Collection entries
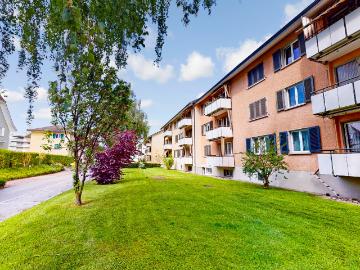 Ruhige Wohnlage im Grünen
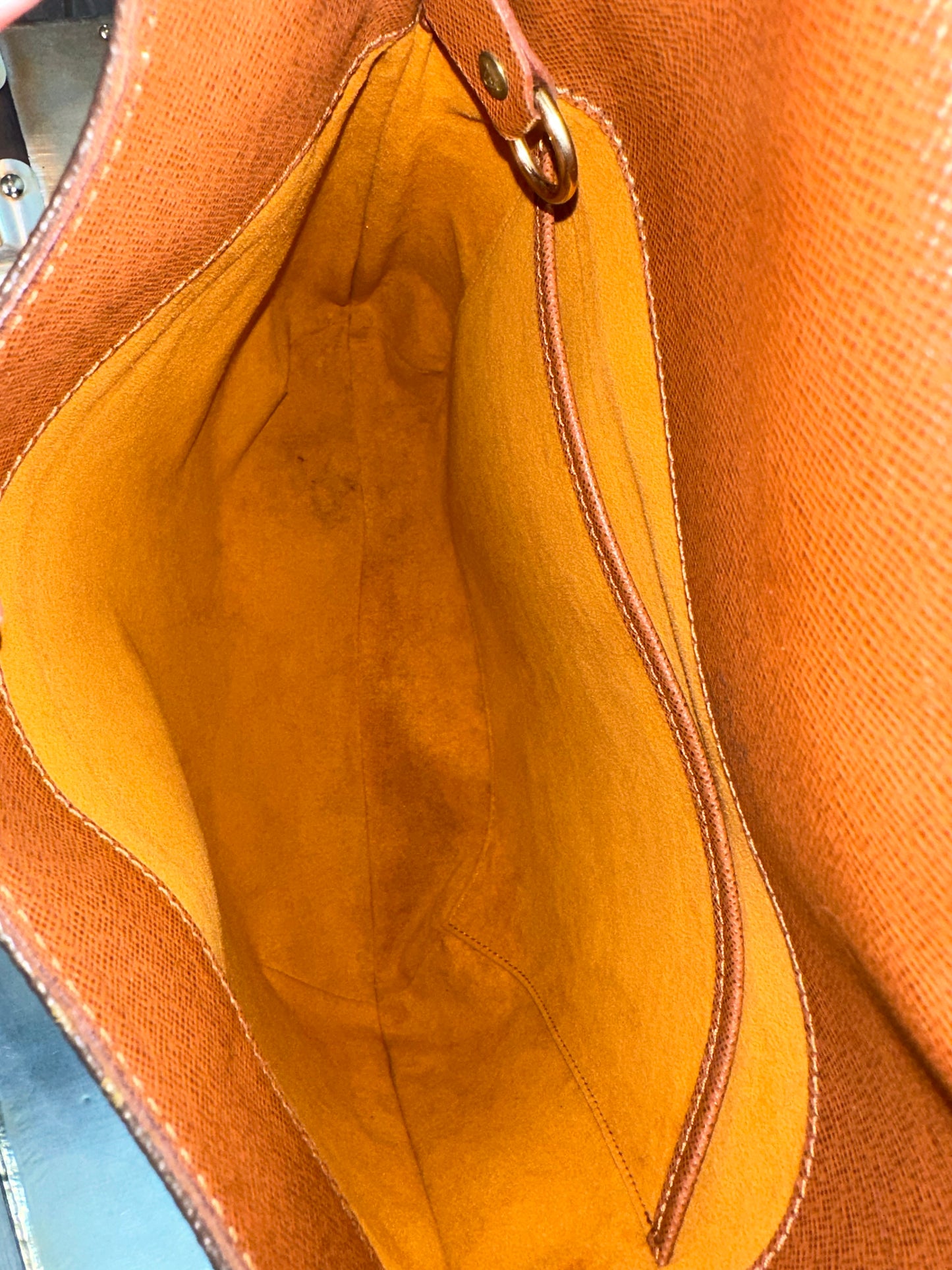 Pre-owned Authentic Louis Vuitton Musette Salsa GM Monogram Shoulder / Crossbody Bag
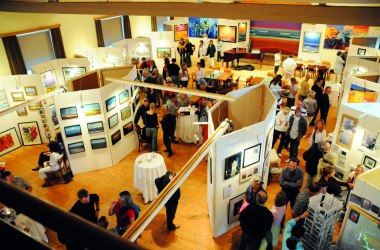 "K&uuml;nstler auf Amrum" - Vernissage, &copy; Rotary Club Amrum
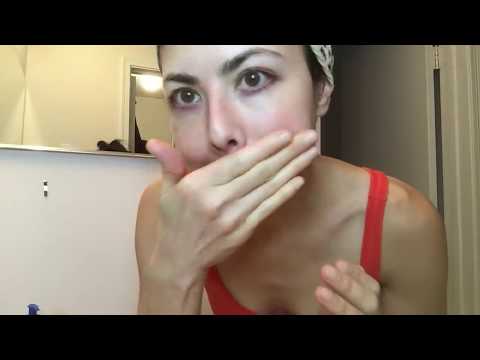 Видео: Мой антивозрастной уход за кожей после полудня (как я наношу ретин-А (третиноин) и касторовое масло)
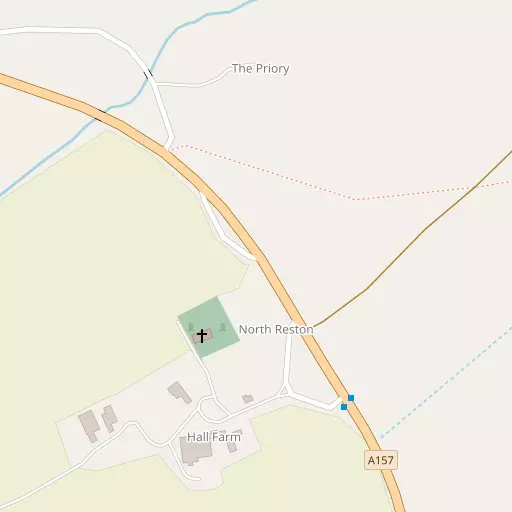 Map of North Reston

WHAT IS REQUIRED —
Each line from the one with "Pre-owned Authentic Louis" through the end of the entries should be reproduced exactly. Leave out the pictures.

ANSWER TO THE PROBLEM —
 Pre-owned Authentic Louis Vuitton Musette Salsa GM Monogram Shoulder / Crossbody Bag
 "K&uuml;nstler auf Amrum" - Vernissage, &copy; Rotary Club Amrum
 Видео: Мой антивозрастной уход за кожей после полудня (как я наношу ретин-А (третиноин) и касторовое масло)
 Map of North Reston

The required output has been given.